Don dulls the monotony of life with endless television as he awaits a call from the firm he created, hoping that they’ll welcome him back with open arms.
But the firm is just fine. Pete Campbell (Vincent Kartheiser) and Ted Chaough (Kevin Rahm) are building business on the West Coast. There are significant opportunities with multiple clients and creative functions well under the brash leadership of Lou Avery (Allan Havey) and discontent Peggy Olson (Elisabeth Moss).
In fact, the future manifests itself with the installation of a computer to drive data analytics, much to the delight of Harry Crane (Rich Sommer) and Jim Cutler (Harry Hamlin), less so for the paranoid Michael Ginsberg (Ben Feldman).

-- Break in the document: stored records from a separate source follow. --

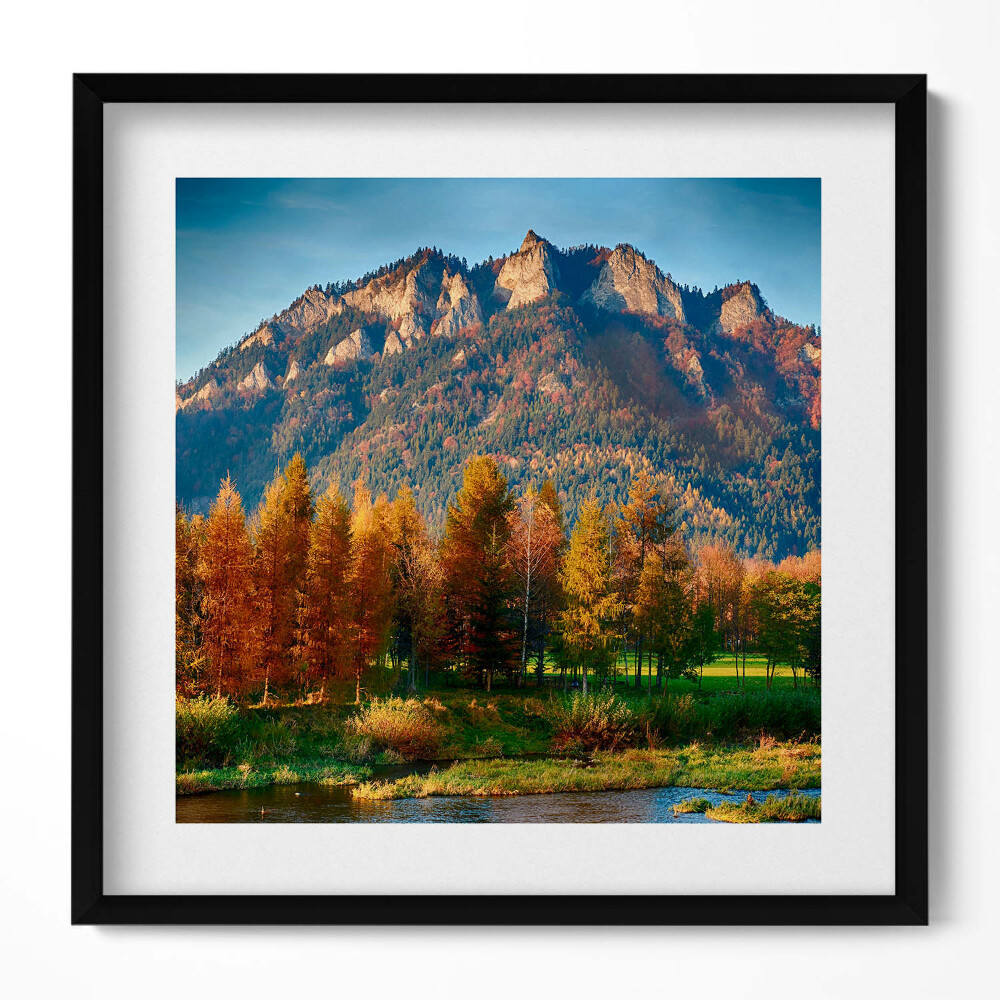 Keretezett falikép Hegyek és őszi fák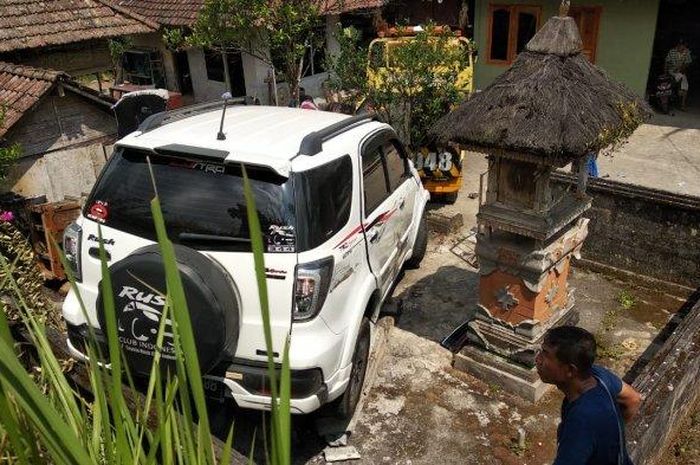 Toyota Rush terjun dari parkiran, seruduk tiga pura milik warga bali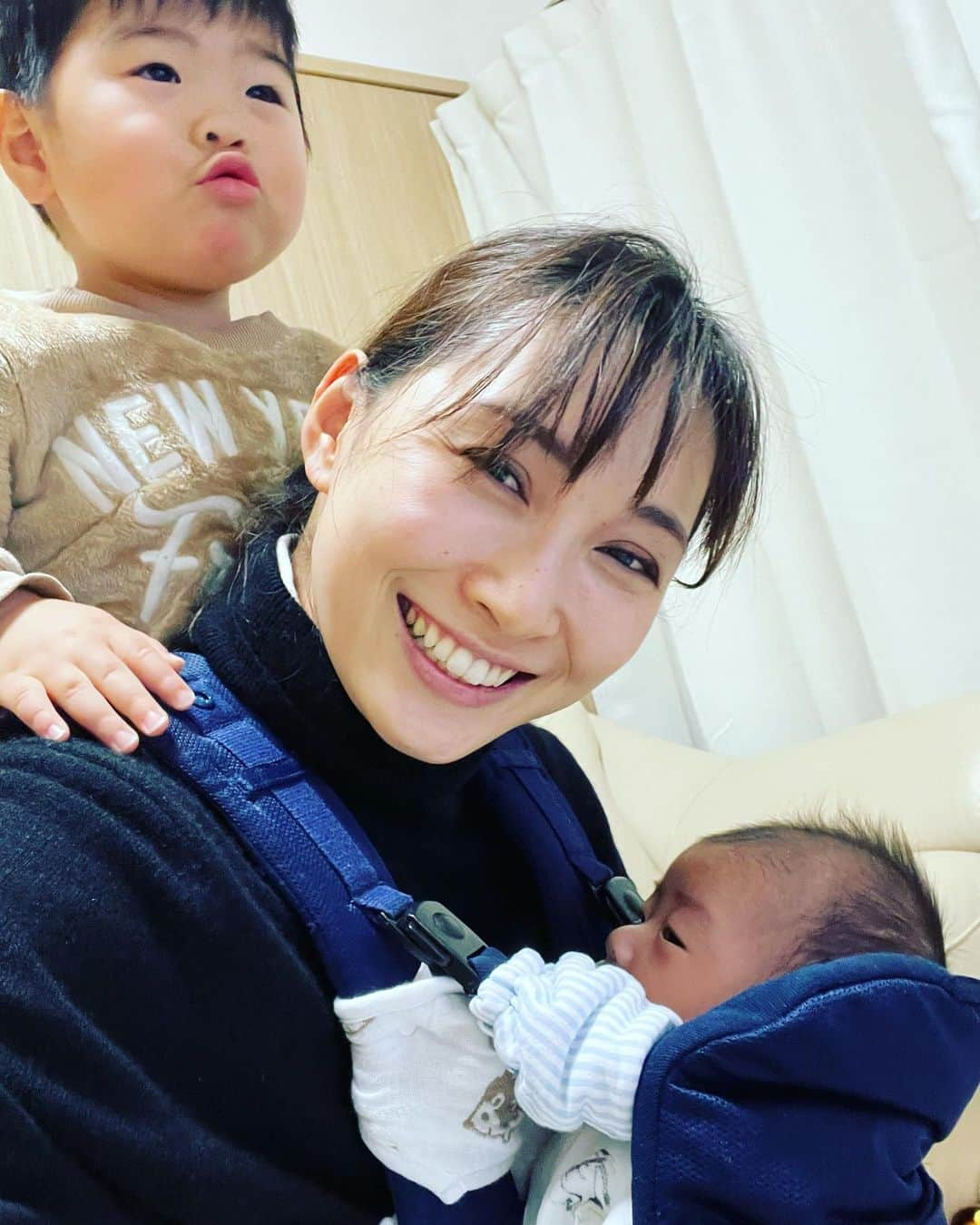 星野涼子さんのインスタグラム写真 - (星野涼子Instagram)「食べやすいように我が家は恵方巻き切っちゃってます😅 大手スーパーの恵方巻きより回転寿司店が出してる恵方巻きの方が安くて混雑もなくおいしくて去年からの楽しみになった😊 まだ節分の豆が食べられない2歳の息子は、小粒の苺がお買い得だったのでこれで代用🍓 ボーロで代用する案もきいてグッドアイデア💡  元気で福がたくさんありますように！  #節分　#恵方巻き #回転寿司　#いちご　#苺　#イチゴ　#ボーロ　#2歳　#2歳1ヶ月 #生後2ヶ月　#兄弟　#japan #japanesetraditional #strawberry #brother #일본 #일본문화 #딸기 #아들 #아들맘 #아들스타그램 #형제 #형제맘」2月2日 23時36分 - ryoko.hoshino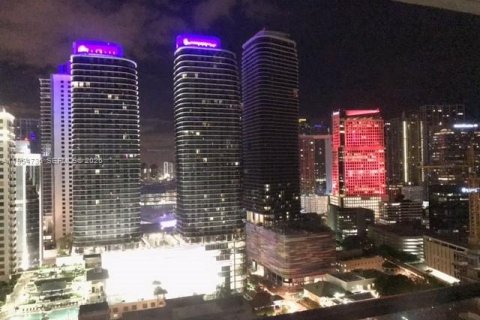 Condo in Miami, Florida, 2 bedrooms  № 2052929 - photo 25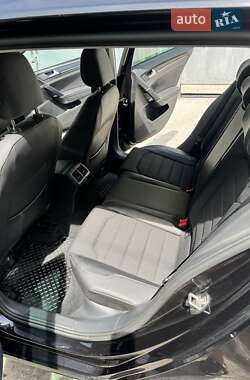 Универсал Volkswagen Golf 2016 в 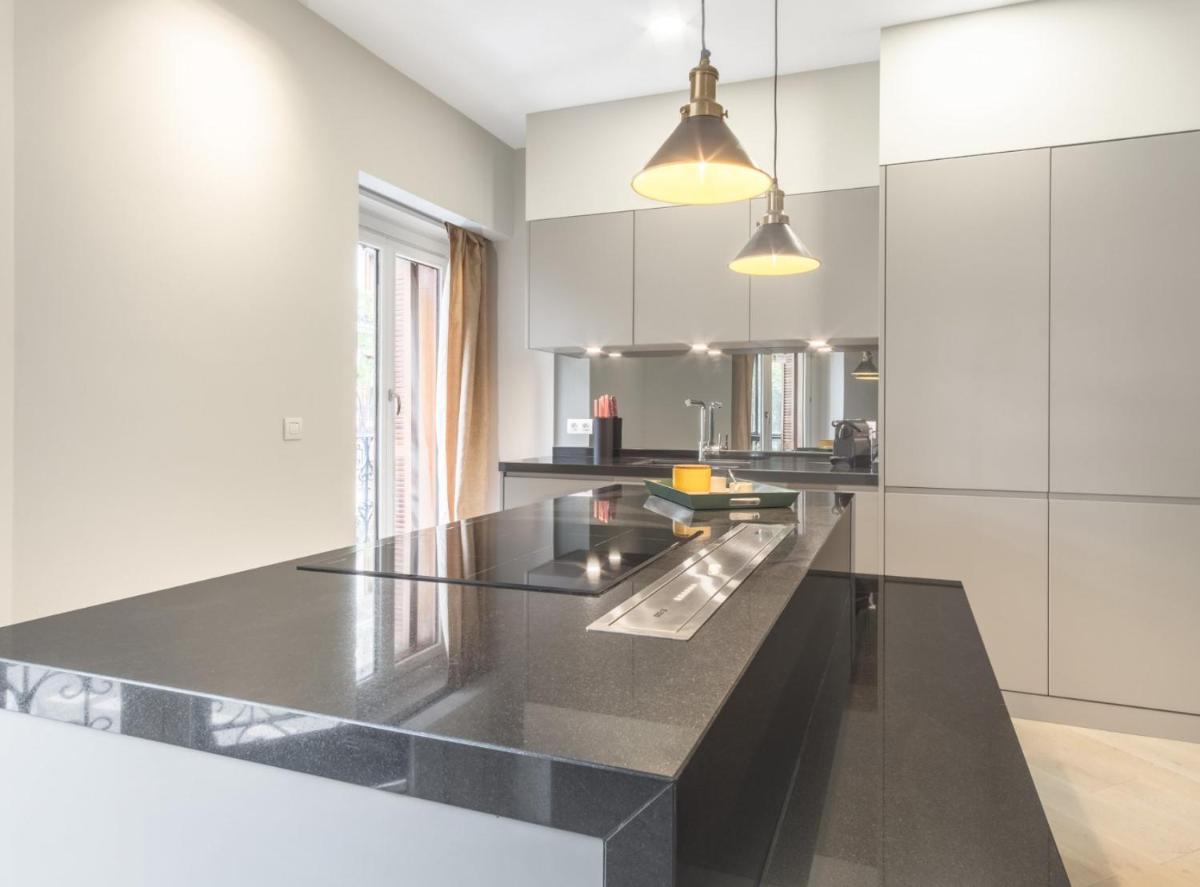 Luxury 2-Bedroom Apartment in Barrio de Salamanca, Villanueva VI - Hizvo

So what’s Don to do? Find work elsewhere—a proposition certainly expected for the rest of the Sterling Cooper partners. Or is there a way to wriggle back into the fold?
Circle the Drain
Much of Mad Men deals with the cyclical nature of satisfaction and discontent. When life is good for the players on Madison Avenue, the joy reverberates more hollowly with each success. When life is low, there’s not enough booze, drugs, and sex to assuage the psyche.
The 1960s represents an era of turmoil and considerable advances. For every moon landing there’s an MLK assassination. For every advancement granted to women in the workplace, there’s a Manson murder. For every discovery in technology such as a computer, there’s a subset of the nation searching for the Hippy idyllic in Upstate New York.
And so the characters of Mad Men advance in the tension of life. They work harder and spend more in search of happiness without realizing that perhaps the best things in life are free. Don Draper does everything in his power to get his job back without thinking about the awkwardness of crawling back to an agency that essentially fired him. Pete Campbell perfects his California tan without considering the void he’s leaving with the wife and child he’s left in New York.
Peggy continues to climb the corporate ladder but never feels like she accomplished anything because a part of her mourns the choices she’s made against becoming a wife and starting a family.
We all win some and lose some. But wrapping identity in those accomplishments can have disastrous effects. While some may complain about the circuitous nature of its plots, I remain confident in the quality storytelling of Mad Men.
I might not be a huge fan of AMC’s decision to split this final seasons into two half season over these next two years, but I continue to enjoy what’s unfolding in Mad Men.